For a while now, I’ve used the internal shorthand of “low tide” for when I’m in a depressive period.
There’s the word “low,” in it, naturally. And I know that it’s a temporary state, even as I know that it’s also one that will come back. But more, it is the feeling of being left both stranded and exposed – the water has left you behind along with dead kelp and trash, and the seagulls are circling overhead to pick you apart.
But it’s been a while since I actually encountered low tide outside of metaphor.
Our last day on Whidbey Island, we came back to the beach during low tide. Boat owners had known it was coming. They had pulled the motors on board and the boats sat quietly next to their anchors.
The water had raked the sand and the tiny rivulets that were running back to the ocean were so strikingly warm for bare feet. The wet ribbed sand made “shmp shmp” shushes when we walked across it, packed hard and smooth so far out into the water, farther than I thought it possible.

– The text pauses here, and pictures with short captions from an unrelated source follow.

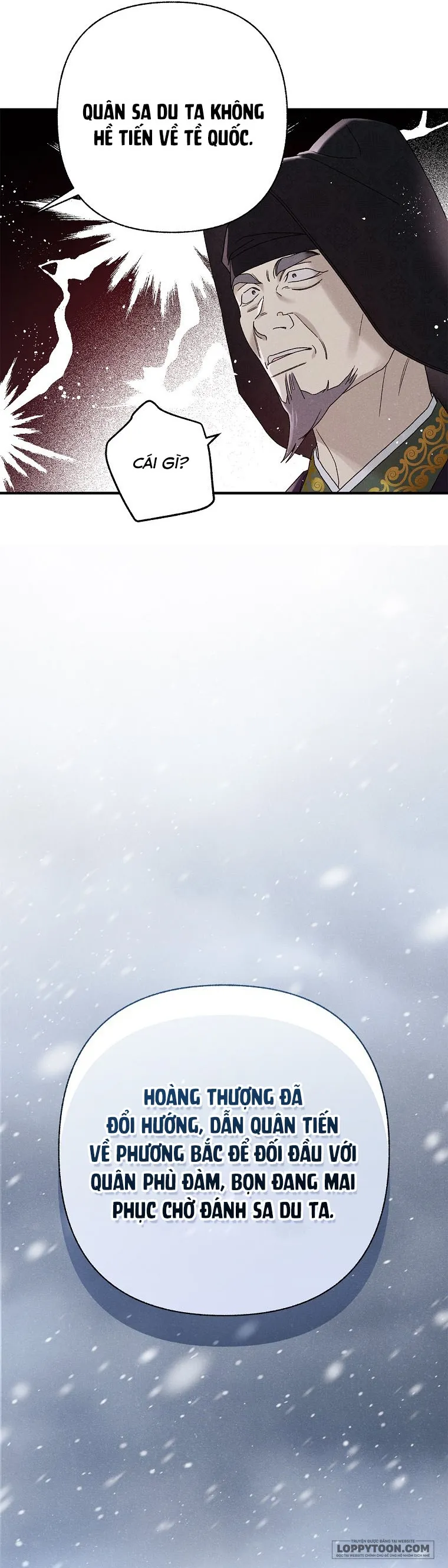 Quốc Hôn Chap 63 - trang 11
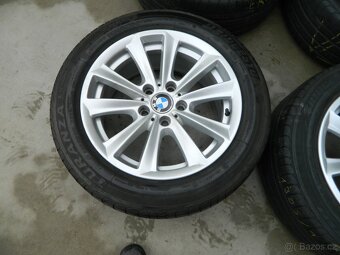alu kola 5x120 r17 origo BMW - 2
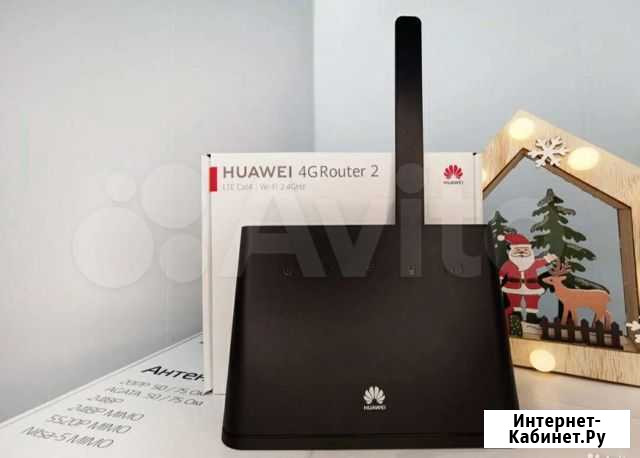 4G модем - WiFi роутер для Интернета Huawei Pro-31 Челябинск - изображение 1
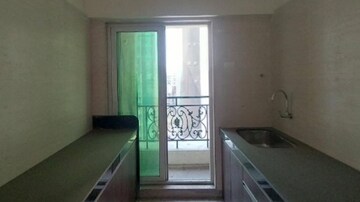 Kitchen in 2 BHK Apartment at Siddhi Highland Springs, Dhokali – for Sale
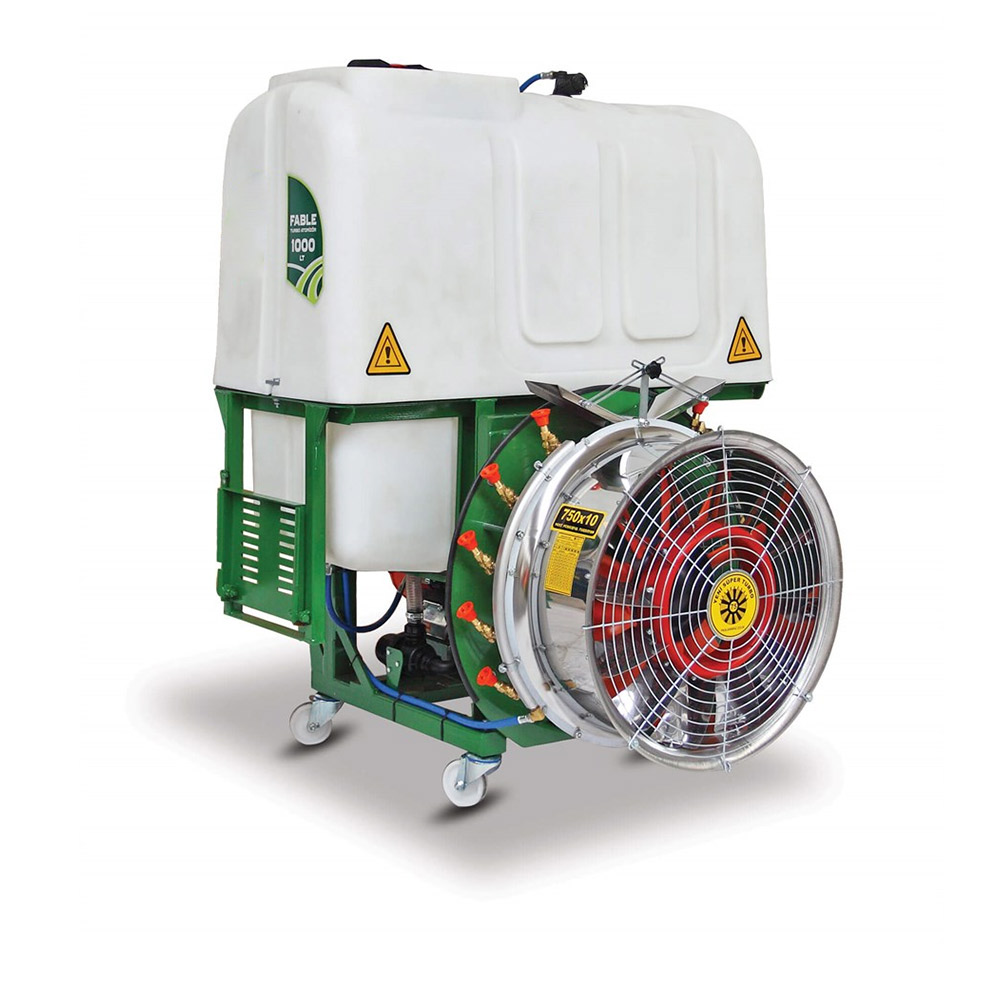 FABLE S TURBO ATOMIZER SPRAYING MACHINE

And the sunlight was pulling the water out from the sand so the mist it made was luminous and numinous and I felt that I could walk out in shallow water on firm forgiving sand into the light until the edge of the world.
My tides are going to come in, and go out, and come in again. And that’s all right. I’m working to finally accept that it is part of myself, like my eyes being brown or being right-handed.
But it’s a very human habit to start to mistake the metaphor for the thing itself, and then to forget the nuance beyond the service that the metaphor provides.
Talk to your neighbors, and meet your metaphors, at least every once in a while.